Ørjan Jentoft (Aker BP) was also clear that this is not a simple chicken-and-egg deadlock between storage and capture developers. The barriers are more fundamental, and CCS deployment requires sufficient and predictable revenue streams to lift investment across capture, transport, and storage simultaneously. 

The session identified five priorities for accelerating deployment: 

  • Stronger coordination between capture, transport, and storage developers, with aligned timelines and commercial frameworks from the outset  
  • Faster permitting and more predictable regulatory processes  
  • Improved bankability across the value chain, with sufficient and predictable revenue streams to support investment in capture, transport, and storage 
  • Improved market transparency and project-level data sharing, to break the commitment deadlock between storage and capture developers  
  • Greater cross-border cooperation and infrastructure alignment across Europe, particularly for countries with no domestic storage capacity  

Looking ahead 

Europe’s CCS pipeline is expanding rapidly. Momentum across both capture and storage is real.  

However, momentum alone will not deliver operational projects at scale. 

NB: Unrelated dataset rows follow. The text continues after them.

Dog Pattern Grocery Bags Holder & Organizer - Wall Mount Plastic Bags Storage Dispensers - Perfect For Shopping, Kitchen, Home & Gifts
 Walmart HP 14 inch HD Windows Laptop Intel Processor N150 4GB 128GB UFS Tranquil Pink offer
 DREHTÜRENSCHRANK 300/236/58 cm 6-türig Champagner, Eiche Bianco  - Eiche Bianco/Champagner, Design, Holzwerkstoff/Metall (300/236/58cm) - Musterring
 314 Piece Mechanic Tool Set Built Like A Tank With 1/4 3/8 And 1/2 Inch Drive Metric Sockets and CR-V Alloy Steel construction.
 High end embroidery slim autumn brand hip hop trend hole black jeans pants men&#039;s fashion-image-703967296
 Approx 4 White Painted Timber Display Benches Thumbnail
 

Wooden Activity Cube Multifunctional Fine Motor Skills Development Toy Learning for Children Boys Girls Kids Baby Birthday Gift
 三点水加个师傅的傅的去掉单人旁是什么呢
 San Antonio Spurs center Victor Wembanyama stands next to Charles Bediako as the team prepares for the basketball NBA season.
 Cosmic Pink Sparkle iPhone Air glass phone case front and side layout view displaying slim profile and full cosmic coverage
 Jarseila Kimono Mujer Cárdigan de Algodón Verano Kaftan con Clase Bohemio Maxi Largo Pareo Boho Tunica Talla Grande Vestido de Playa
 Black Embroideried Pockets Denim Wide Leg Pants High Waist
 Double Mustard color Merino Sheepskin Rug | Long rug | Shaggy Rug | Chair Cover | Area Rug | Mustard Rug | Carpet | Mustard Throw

Faster permitting, stronger policy certainty, improved infrastructure coordination, and greater investment confidence will all be necessary to move projects from planning to deployment.  

The value chain reality check clearly showed that the bottleneck is not limited to storage alone. Scaling CCS in Europe will require coordinated action across the full value chain, involving industry, policymakers, and financial actors alike.